IRM 4.76.23 on 501(c)(15) Companies
Internal Revenue Manual
Part 4. Examining Process
Chapter 76. Exempt Organizations Examination Guidelines
Section 23. Small Insurance Companies or Associations IRC 501(c)(15)
4.76.23 Small Insurance Companies or Associations IRC 501(c)(15)
1. This IRM section contains specific examination guidelines for an organization recognized as exempt from income tax under IRC 501(a) as an organization described in IRC 501(c)(15). It provides examination techniques effective in identifying and developing issues commonly encountered during the examination of an IRC 501(c)(15) organization.
2. These guidelines provide specific assistance for the examination of an IRC 501(c)(15) organization and are not all-inclusive. The purpose is to supplement the guidelines contained in IRM 4.75.10 through 4.75.12. The intent is not to restrict the examiner in identifying issues or using examination techniques not included herein.
3. This IRM does not contain detailed technical information regarding IRC 501(c)(15) organizations. The examiner should review the technical information contained in IRM 7.25.15.

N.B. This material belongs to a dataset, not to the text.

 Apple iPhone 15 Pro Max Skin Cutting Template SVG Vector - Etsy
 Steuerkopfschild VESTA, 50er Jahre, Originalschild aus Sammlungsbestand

1. IRC 501(c)(15) originally granted exempt status to entities referred to as certain mutual insurance companies or associations other than life or marine. The Tax Reform Act of 1986 (TRA-86) eliminated the distinction between small mutual companies and other small companies and extended IRC 501(c)(15) to all eligible small companies, whether stock or mutual, other than life.
2. TRA-86 changed the nature of the ceiling amount for tax exemption from certain gross receipts to net written premiums (or, if greater, direct written premiums) which do not exceed $350,000 per year. This exemption also includes interinsurers and reciprocal underwriters. These changes were made effective for tax years beginning after December 31, 1986.

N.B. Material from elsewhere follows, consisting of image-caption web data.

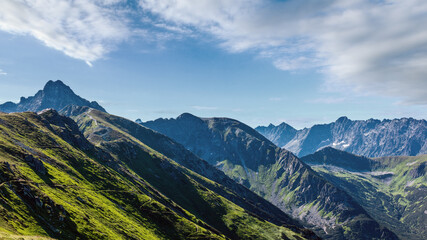 Obraz premium Tatra Mountain (Poland) morning view from Kasprowy Wierch range. Panorama.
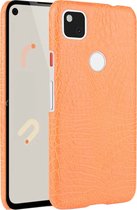 Mobigear Hoesje geschikt voor Google Pixel 4a Telefoonhoesje Hardcase | Mobigear Croco Backcover | Pixel 4a Case | Back Cover - Oranje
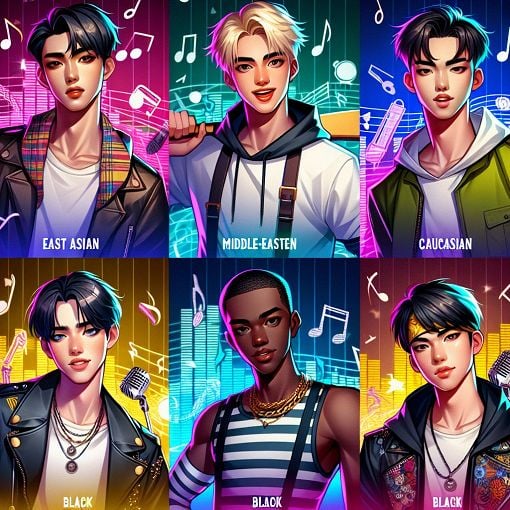 Create a vibrant, colorful illustration of five distinct characters representing the members of a K-pop boy band, showcasing their unique personalities and styles, set against a dynamic music-themed background, capturing the essence of youth and energy in a fun way.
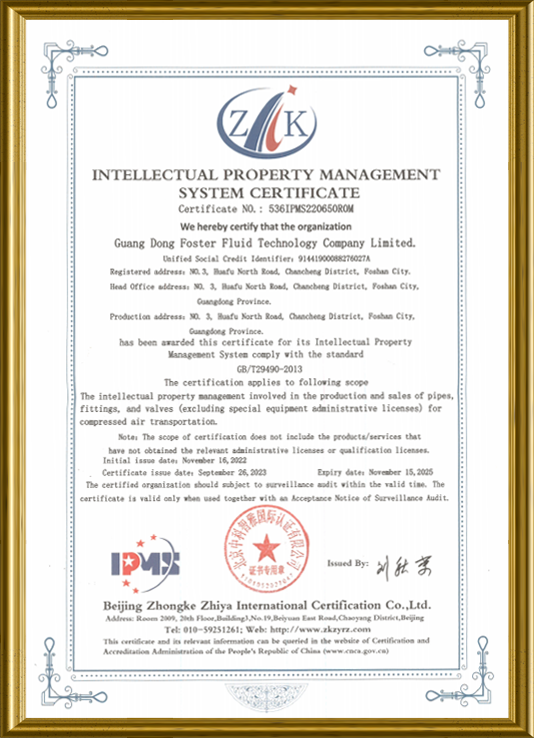 Certificado del sistema de gestión de propiedades intelectuales-FSTPIPE 2023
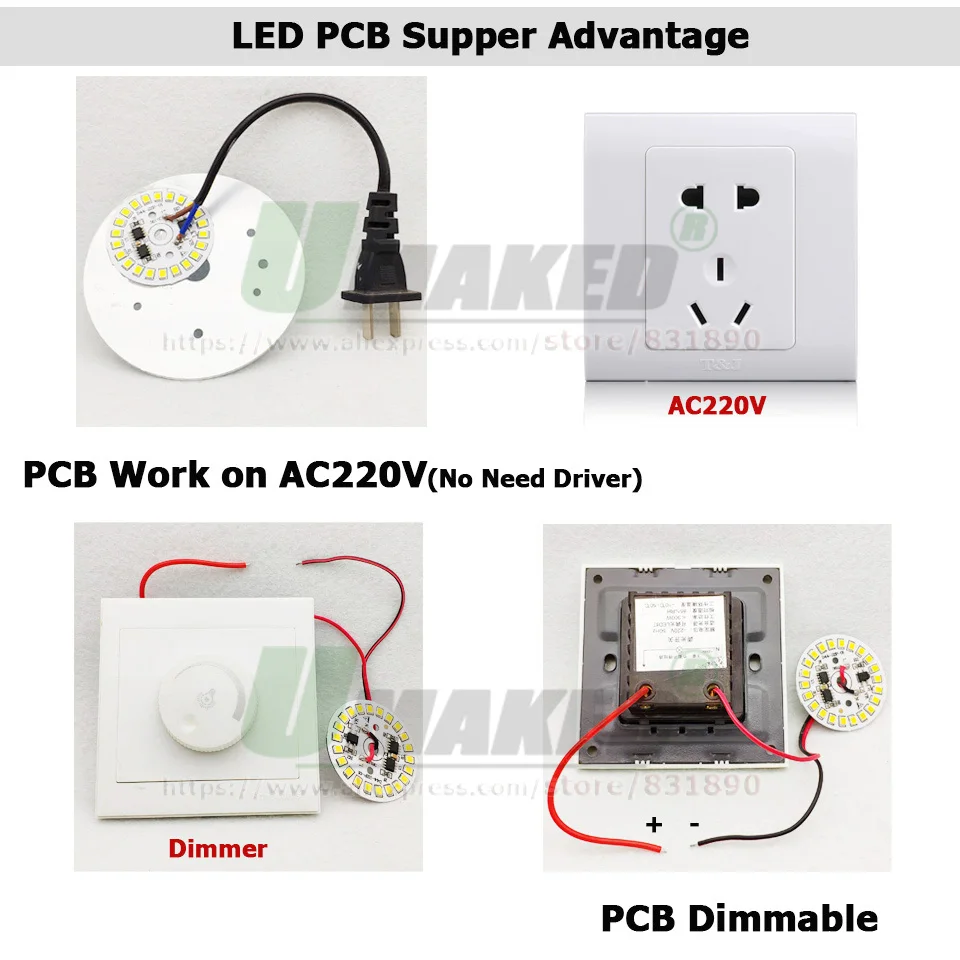 AC220V светодиодный модуль 3W5W, 7 Вт, 9 Вт, 12 Вт, 15 Вт, 18 Вт, светодиодный светильник PCB Алюминий пластины Луженая 20 см кабель SMD2835 Smart IC драйвер потолочный светильник «сделай сам»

1. Effective for years beginning after December 31, 2003, Section 206 of H.R. 3108, Pension Funding Equity Act of 2004 (the Act), revised the definition of small property and casualty insurance companies (insurance companies other than life insurance companies) exempt from income taxes. Specifically, the Act amended IRC 501(c)(15) to provide that a property and casualty insurance company is eligible to be exempt from federal income tax if,
A. Gross receipts for the taxable year do not exceed $600,000; and
B. More than 50 percent of such gross receipts consist of premiums. See IRC 501(c)(15)(A)(i).
Note: For purposes of these tests, amounts received by all members of the insurance company's controlled group (including foreign and tax-exempt companies) are taken into account. See IRC 501(c)(15)(C).

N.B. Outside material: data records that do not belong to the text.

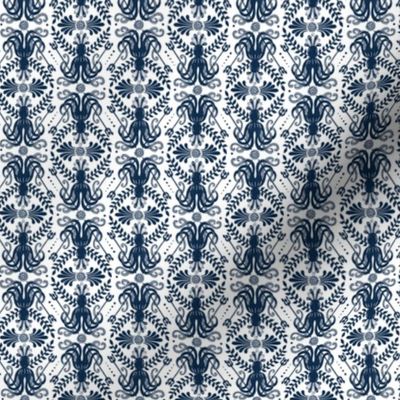 Mythos - Nautical Octopus Damask White Navy Blue Ditsy Scale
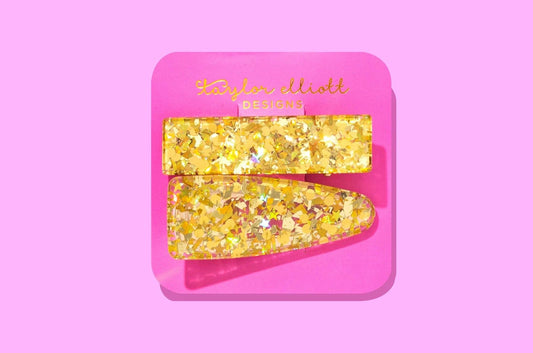 Claw Hair Clip Set - Med - Gold Confetti - 2 Pcs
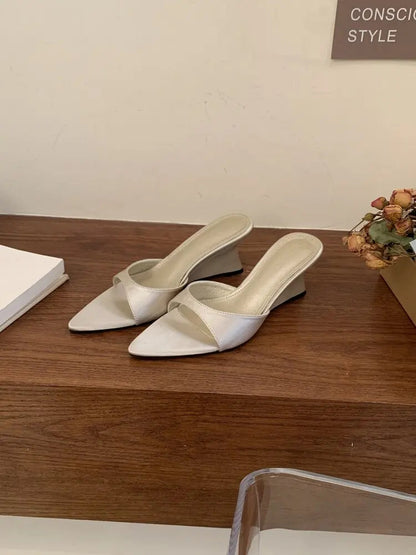 Women's Slippers Fashion 2026 Summer Elegant High Heels Outdoor Banquet Wedge Heel Pointed Toe Girls Women's Shoes 2018    Your Coastal Marketplace | Shoreshopper.com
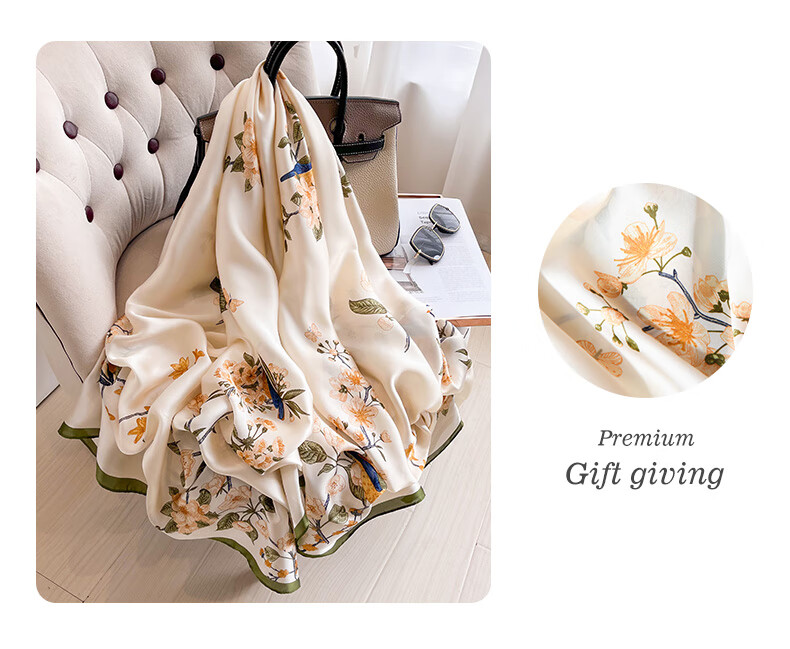 Hangsifu Silk Scarf for Women, Summer Gift Box, Shawl, Outer Wrap, Practical Birthday Present for Mom And Wife, Mid-Autumn Festival Gift 8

2. In the case of a mutual insurance company, the gross receipts of which for the taxable year:
A. Do not exceed $150,000; and
B. More than 35 percent of such gross receipts consist of premiums.
Note: This clause shall not apply if any employee of the company, or a member of the employee's family (as defined in IRC 2032A(e)(2)), is an employee of another company exempt from taxation by reason of this paragraph (or would be so exempt but for this sentence).
1. Review the operations of mutual insurance companies:
A. Determine that the insurance company is not a life insurance company;
B. Ascertain that the $600,000 gross receipts test (with more than 50 percent of total gross receipts consisting of premiums) is met; and
C. Determine if the organization's activities are primarily the issuance of insurance.
2. If the organization is determined to be a life insurance company, has gross receipts in excess of $600,000, or if it has gross receipts not exceeding $600,000 but 50 percent or less of such gross receipts consists of premiums, it will no longer continue to qualify for recognition of exemption under IRC 501(c)(15).
Life Insurance Companies
1. The examiner should review IRC 816, which provides a definition of a long-term life insurance company, and establishes a mechanical formula for determining whether an insurance company is a life insurance company. The definition of a life insurance company takes into account "life insurance reserves" and "unearned premiums and unpaid losses on noncancellable life, accident, or health policies not included in life insurance reserves." A company is not a life insurance company unless these amounts exceed 50% of its total reserves.
Gross Receipts Test
1. The examiner should ascertain that the gross receipts of the organization for the taxable year do not exceed $600,000 and more than 50 percent of such gross receipts consists of premiums.
2. The examiner should review IRM 7.25.15, which provides a definition of "net written premiums," "direct written premiums," and other pertinent terms.
3. All direct written premiums received by an insurance company during a tax year should be included in calculating the $600,000 gross receipts test, even though some of such income is not earned premium income for that tax year.
1. The Act retains the controlled group rule, now requiring aggregation of gross receipts with those of other members of its controlled group defined by IRC 831 and IRC 1563. See IRM 126.96.36.199.3.
2. The examiner must determine whether the insurance company is a member of a controlled group, as the gross income from all other members of the controlled group is included in the $600,000 gross income test.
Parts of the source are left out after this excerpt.